Discipline is ordinarily progressive, except that where an employee has been disciplined once but has gone several years without further discipline, a disciplinary infraction might be treated less severely. (Def.'s 56.1 ¶ 14, citing Wengelewski Dep. at 47.)
Dietary Managers--including, during Plaintiff's employment, Christine Hammond, Michael Jankowski, Lois Wengelewski, and Mark Connell--reported to Robert Schneider, the Director of the Nutrition Management Department, and were responsible for scheduling and supervising workers, keeping time records, conducting evaluations, and answering the phone. (Def.'s 56.1 ¶¶ 7-9, citing Schneider Aff. ¶¶ 3, 5, and Connell Dep. at 8.) Dietary Managers also made recommendations with respect to discipline, but the ultimate decision regarding whether and how severely an employee should be disciplined was made by Schneider, in consultation with the Department of Human Resources. (Def.'s 56.1 ¶¶ 13, 16, citing Schneider Aff. ¶¶ 6-17, Jankowski Dep., at 6-7, 51, Hammond Aff. ¶ 7.) Jankowski testified that "horse trading," or negotiations between the workers' union and managers, could result in an adjustment to a disciplinary measure. (Jankowski Dep. at 36.)*fn2
Before an employee is disciplined, he or she is given a notice and entitled to a pre-disciplinary meeting. Based on information presented at the meeting, a decision is made about whether to proceed with discipline. (Def.'s 56.1 ¶ 15, citing Hammond Aff. ¶ 6.)
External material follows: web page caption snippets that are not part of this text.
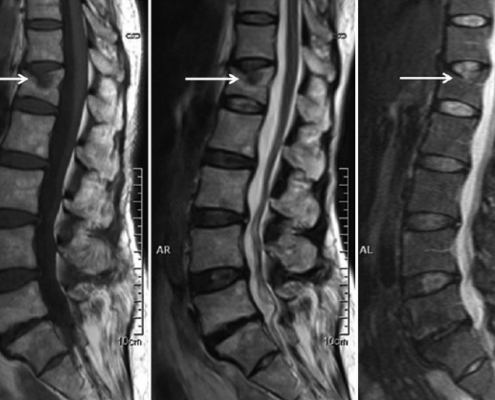 fractura vertebra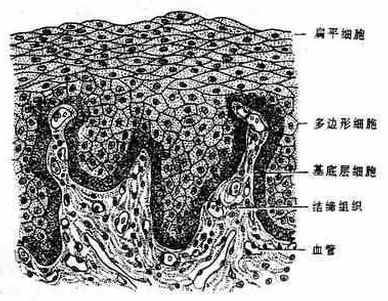 復(fù)層扁平上皮
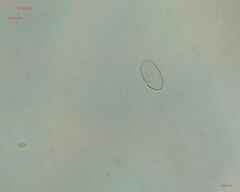 Cocconeis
Plaintiff's Disciplinary History*fn3
Each of Plaintiff's annual performance evaluations from 1992 through 2002 reflected concerns regarding "human relations" issues, including "personal problems" with co-workers and managers and with "taking and giving orders." Plaintiff was counseled to "chang[e] her approach to one of non-confrontation," to "stay focused on her work and not worry about what her peers and co-workers are doing," was warned that her behavior was "not acceptable," and was repeatedly marked as "need[ing] improvement" in "human relations." (Def.'s 56.1 ¶¶ 17-23, citing Appendix 1 to James Dep., Bates Numbers 149-207.)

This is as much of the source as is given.